→ Recorded data
* * * * * * * * *
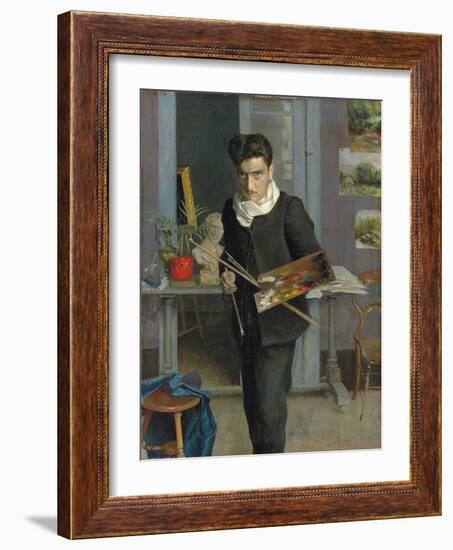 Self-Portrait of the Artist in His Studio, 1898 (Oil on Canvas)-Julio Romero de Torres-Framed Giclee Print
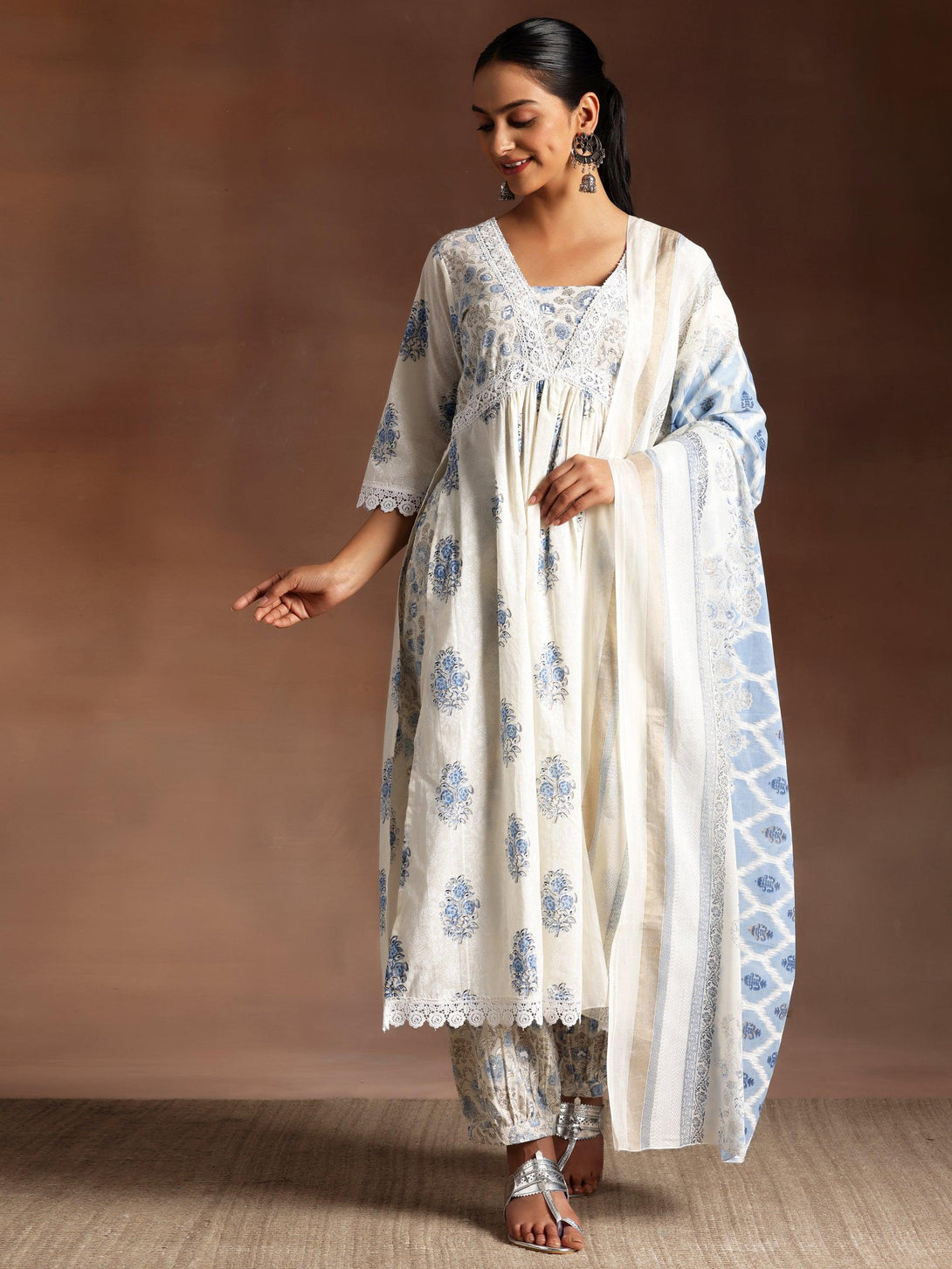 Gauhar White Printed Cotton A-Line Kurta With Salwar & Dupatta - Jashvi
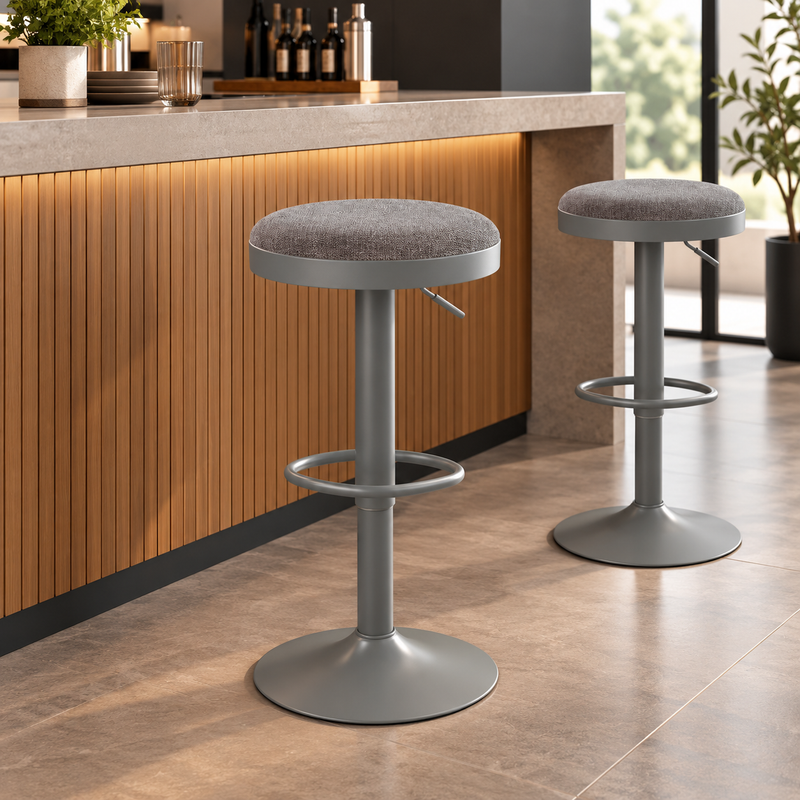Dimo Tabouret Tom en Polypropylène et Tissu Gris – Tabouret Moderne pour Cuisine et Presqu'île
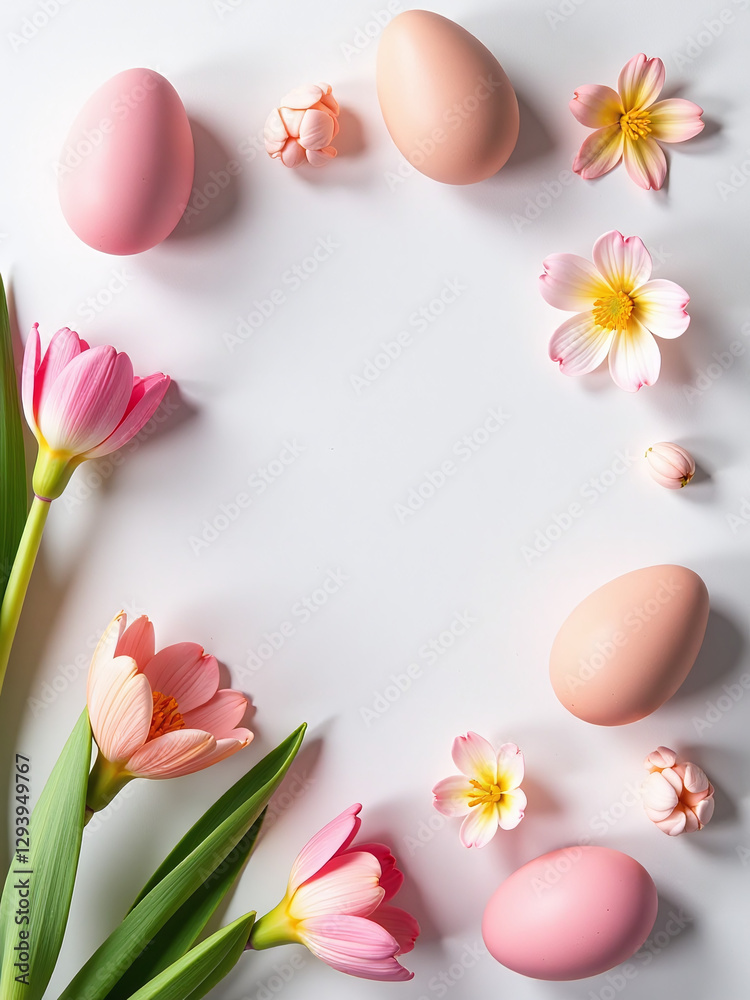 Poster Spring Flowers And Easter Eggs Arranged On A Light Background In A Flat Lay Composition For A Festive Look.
* * * * * * * * *
→ Problem description
Produce the full material again verbatim, with the pictures dropped.

→ Your response
 Self-Portrait of the Artist in His Studio, 1898 (Oil on Canvas)-Julio Romero de Torres-Framed Giclee Print
 Gauhar White Printed Cotton A-Line Kurta With Salwar & Dupatta - Jashvi
Dimo Tabouret Tom en Polypropylène et Tissu Gris – Tabouret Moderne pour Cuisine et Presqu'île
 Poster Spring Flowers And Easter Eggs Arranged On A Light Background In A Flat Lay Composition For A Festive Look.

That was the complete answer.